If you have an existing business or just starting one, it is important to understand and comply with the tax laws that affect your business. By recognizing the significance of these issues, small construction business owners can properly file their tax returns and avoid costly problems. Today we’ll discuss the accounting method issues.
Accounting Method Issues
You might be wondering what constitute accounting methods? Accounting methods are basically the set of rules use to determine when and how income and expenses are reported. It includes not only the overall method but also the accounting treatment of any material item.

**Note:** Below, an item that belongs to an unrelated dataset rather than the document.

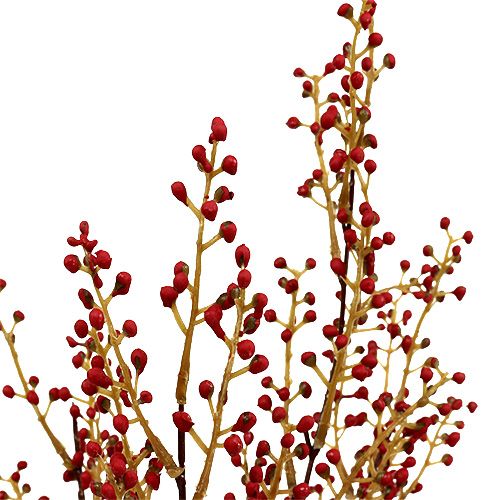 Floristik24 Berry branch artificially red 48cm 1pc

Examples of accounting methods are cash receipts and disbursements, accrual, and combinations of both methods. Whichever method is elected, it must clearly reflect income. If your business operates as a C corporation with gross receipts in excess of $5 million, you generally are required to use an accrual method of accounting. If an inventory method is required because merchandise (or materials) is an income producing factor in the business, generally, an accrual method must be used for purchases and sales.
An exception to the requirements to use an accrual method is allowed for most small businesses with “average annual gross receipts” of $10 million or less. Instead the cash method of accounting is permitted. A business whose principal activity is mining, manufacturing, wholesale trade, retail trade or information industries will generally be ineligible to use this exception.

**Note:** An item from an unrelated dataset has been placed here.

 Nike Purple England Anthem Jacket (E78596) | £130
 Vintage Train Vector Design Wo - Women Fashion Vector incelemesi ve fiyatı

The accounting of inventory items is simplified by revenue procedure allowing their cost to be deducted in the year the merchandise is sold or paid for, whichever is later. Generally, the percentage of completion method is required for long term contracts. A long-term contract is one that is still in process at the end of your taxable year. For example, if work on a contract to construct a building begins in September 2010, and ends in January 2011, and the contractor used the calendar tax year, the contract is a long-term contract.
Home construction contracts are not subject to the percentage-of-completion method. In addition, general construction contracts are not subject to the percentage of completion method if certain completion time and gross receipts tests are satisfied. For all these exempt construction contracts, a taxpayer may use an “exempt contract” method, which includes the percentage of completion method, the exempt-contract percentage-of-completion method, the completed contract method, or any other permissible method.
Whether a method is permissible depends on a number of factors, such as the type of business entity, business activity, level of gross receipts, and existence or absence or merchandise as an income-producing factors in the business.